Better still, it increasingly affirms its performative dimension (Austin 1963; Searle
1963): in other terms, the place name has the capacity to produce social effects
depending of its use. Shifts in meaning, designation and use, and resemantizations
(Kristol 2002) are thus emphasized and worked on in context. Toponyms that refer
to banal places might become landmarks, names that evoke and travel, for example,
the names of battles (Paveau 2008) and ideological confrontations such as Larzac
(Gardy 1987), the precursor of the “Zones à Défendre6” such as Notre Dame des
Landes, or tourist landmarks such as Lascaux (Neotopo 2020), or of contemporary
popular songs such as “Penny Lane” (Gensane 2010; Neotopo 2014). These may be
references to landmarks or popular figures whose metonymization is reinforced by
associating several toponyms (Charbonneaux 2020).

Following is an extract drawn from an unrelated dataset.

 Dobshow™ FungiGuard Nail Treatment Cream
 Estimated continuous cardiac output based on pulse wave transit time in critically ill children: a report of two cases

The case of Nelson Mandela is
again exemplary, as his name is often caught up in toponymic associations that
situate him within a specific pantheon (together with Martin Luther King, Mother
Teresa and Gandhi, more generally with the leaders of decolonization and/or the
civil rights struggle, or Nobel Peace Prize winners), or as an actor on the South
African scene (associated with Frederik de Klerk or, by contrast, with other anti-
apartheid fighters, or even with the name of Soweto, which is associated with the
struggle). But mundane names and their negotiation are also a prime field for an
application of metapragmatics approaches that work on stakeholders’ skills of
analyzing the issues and effects of language (Karlander 2017).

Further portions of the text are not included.